La matanza de los Guisa acaba con los líderss del partido católico en Francia. La guerra se enciende una vez más en el país. Felipe, como se recordará, aprovecha la muerte de Enrique III para hacer valer sus propios derechos o los de su hija a la corte francesa. Las tropas españolas, acantonadas en los Países Bajos, entran en Francia. Entre 1590 y 1592, Alejandro Farnesio se ve obligado a abandonar sus campañas contra las provinias rebeldes del norte y a intervenir en las guerras de Francia. En 1592 Farnesio muere en Arrás cuando se preparaba para intervenir nuevamente en el país galo, gesto que, indudablemente, significaba un retroceso en los Países Bajos.
Enrique IV, recibido como rey por los católicos franceses, que creyeron sincera su conversión, declara la guerra a Felipe II. En 1595, España se encuentra, pues, en conflicto contra una liga formada por Inglaterra, Francia y los Países Bajos. Era un suicidio querer proseguir la lucha contra tan formidables enemigos. Los éxitos de las tropas de Felipe se frustraban al tener que establecer un gobierno sobre súbditos que le eran absolutamente hostiles. Felipe, que tenía ocupadas algunas regiones francesas desde los días de su alianza con los Guisa, tiene que abandonar Marsella, Toulouse y la Bretaña.
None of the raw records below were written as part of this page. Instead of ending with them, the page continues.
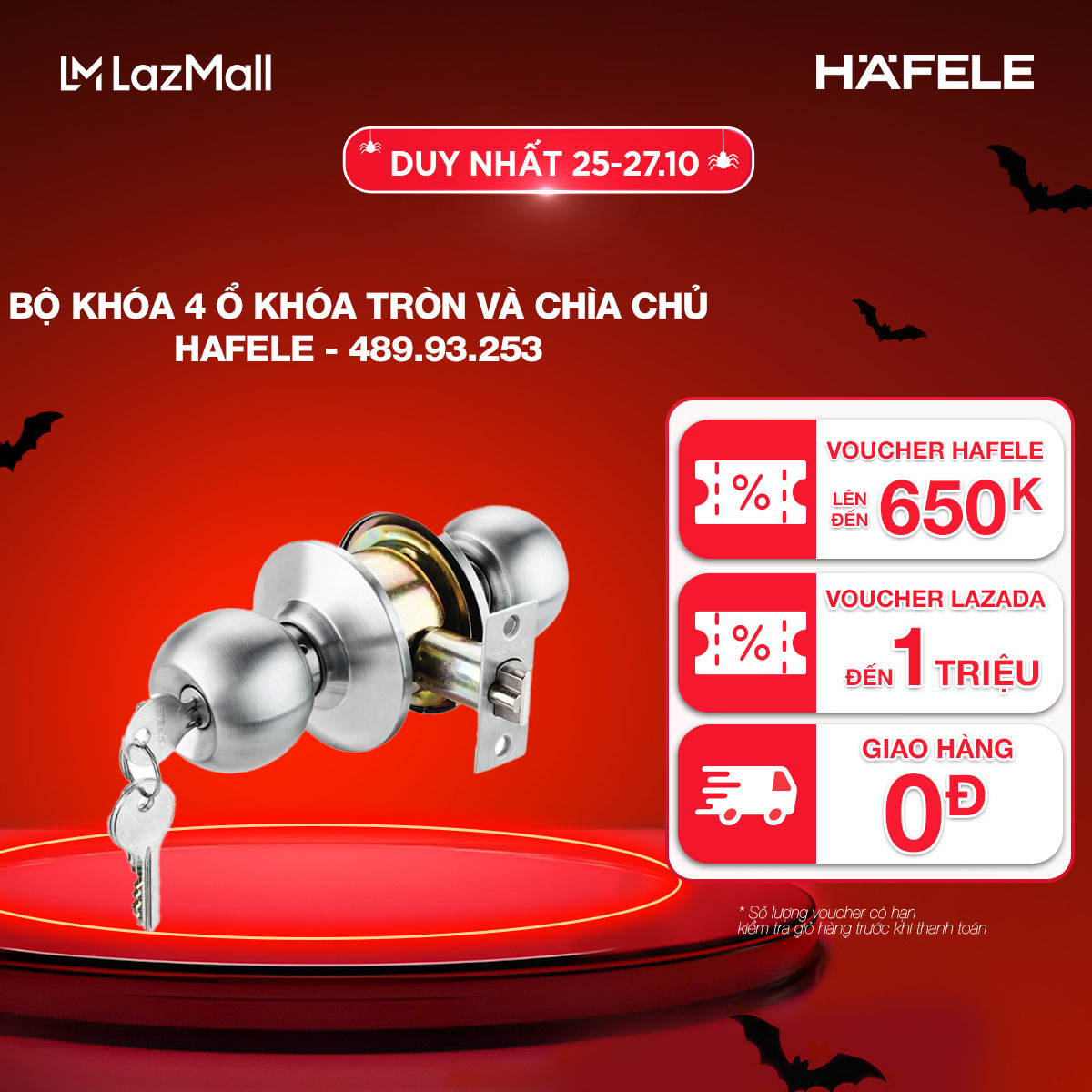 Bộ khóa 4 ổ khóa tròn và chìa chủ HAFELE - 489.93.253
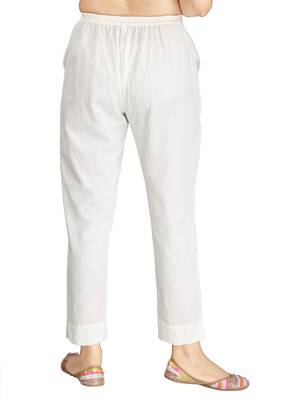 White plain cotton trousers 4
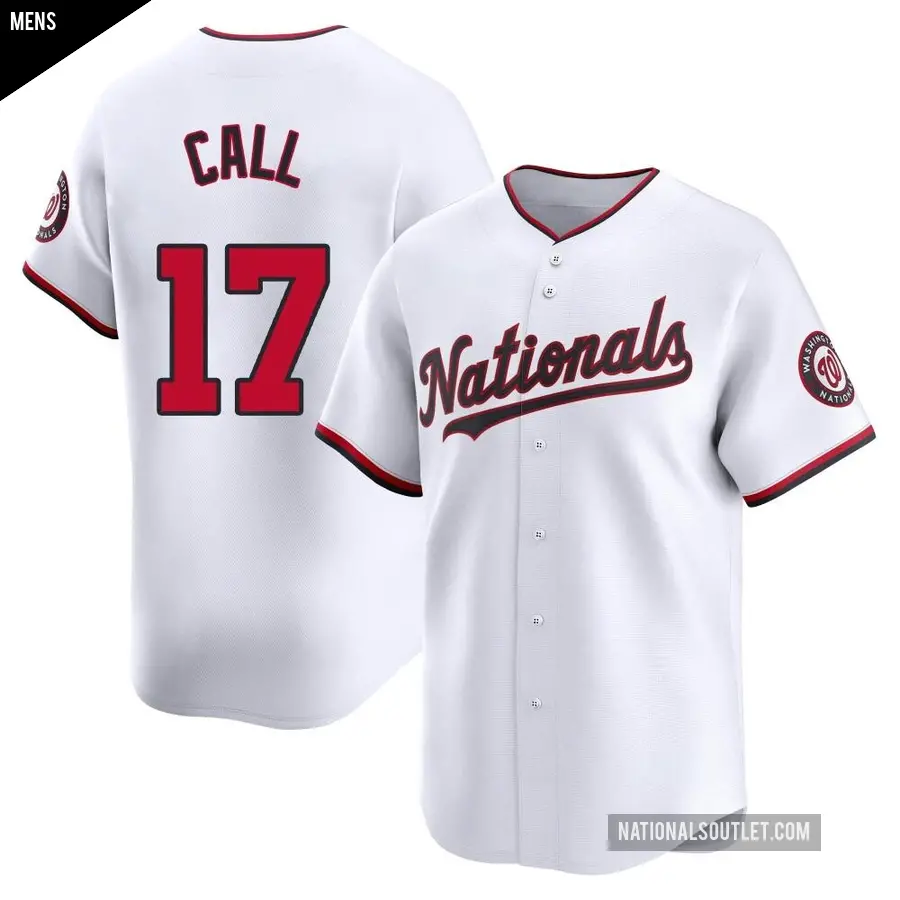 Men's Washington Nationals ＃17 Alex Call Limited White Home Jersey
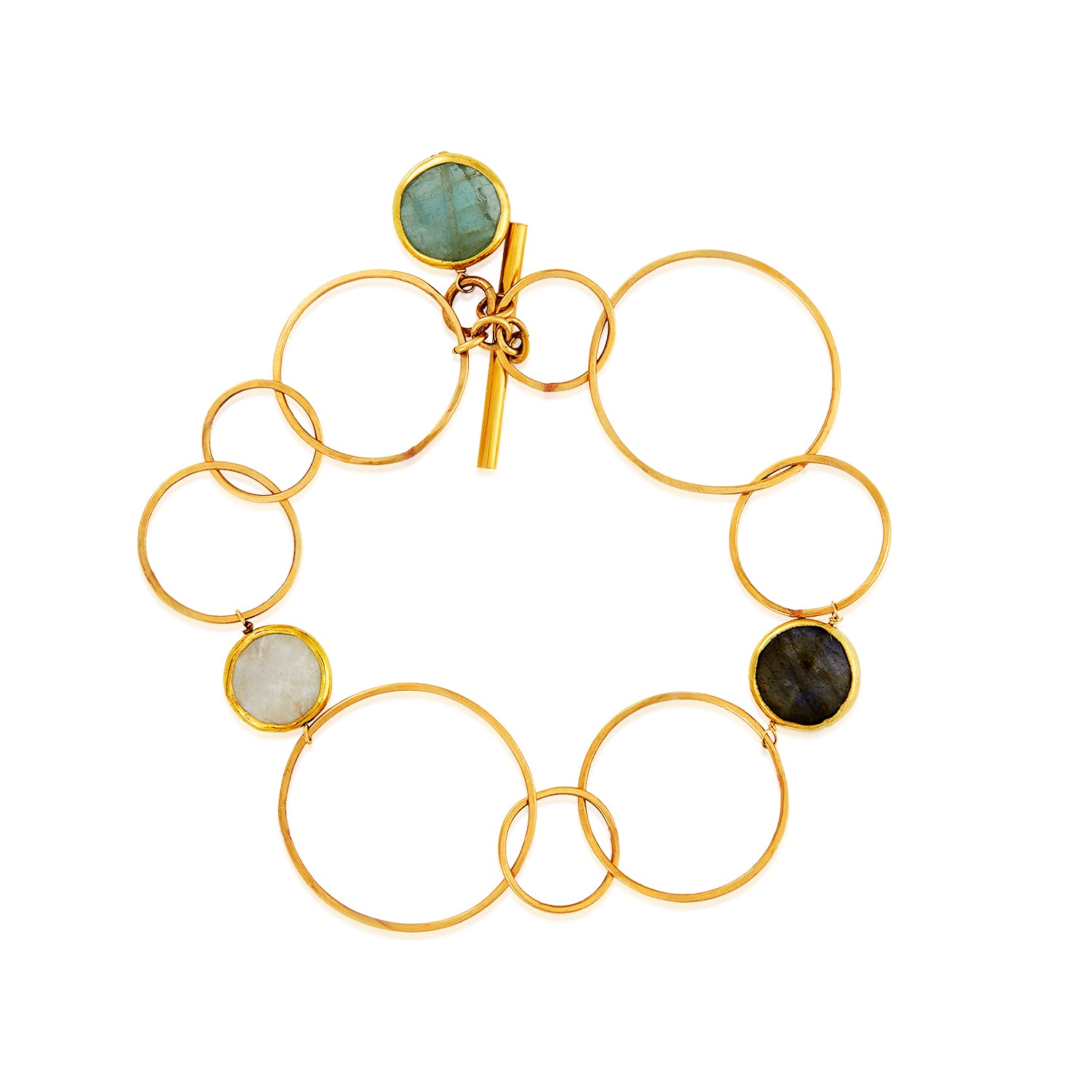 Interwoven Circle Mixed Gem Bracelet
La ciudad de Amiens, conquistada por los españoles, fue abandonada a los seis meses. Mientras que las finanzas de Felipe se arruinaban tratando de mantener una guerra costosísima, los ingleses y holandeses hacían fabulosos nogocios no sólo a base del comercio atlántico, sino incluso introduciéndose en el área mediterránea. Desde 1595, el mismo Papa se había inclinado inequívocamente a favor de la independencia francesa. Ahora no cabía más solución qeu la de llegar a una paz honrosa.
Desde la muerte de Alejandro Farnesio, en los Países Bajos se habían ido sucediendo varios gobernadores: el conde de Mansfeld (1592-94), el archiduque Ernesto de Austria, don Pedro Enríquez de Guzmán, conde de Fuentes de Val de Opero. El archiduque murió pronto; el conde de Fuentes, hombre de excelentes dotes militares y políticas, pronto fue sustituido por Felipe II por encontrarlo inadecuado para sus fines. No se comprende por qué se empeñaba el rey en continuar aquella política de guerras, aquellas misiones imposibles, que en ningún modo estaban respaldadas ni por la opinión de sus más lúcidos colaboradores ni, por supuesto, por las finanzas del país.
Felipe, para atender a sus descomunales propósitos, había dado una vuelta más al tornillo de los impuestos. Ya no eran suficientes ni la alcabala, ni los servicios ordinarios votados por las Cortes, ni los subsidios extraordinarios. Apartir de 1590 introdujo uno nuev: el de la "sisa", el mismo que había intentado imponer Carlos V en 1538, sin conseguirlo. Felipe obtuvo la votación favorable de las Cortes. Éste fue el impuesto de los "millones", nombre que se le dio porque se evaluaba en millones de ducados, no de maravedís. Se pagaba por todos los artículos alimenticios esenciales, en especial la carne, el vino, el aceite y el vinagre. En teoría, este impuesto no conocía exenciones; pero en la práctica, los que en realidad lo pagaron fueron los pobres, ya que los nobles, al poder abastecerse con lo que se producía en sus tierras y granjas, no tenían que comprar aquellos artículos sobre los que pesaba el impuesto. Una vez más, Castilla cargaba sobre sus famélicos hombros el peso entero del mundo, como un Atlante decrépito, a punto de derrumbarse.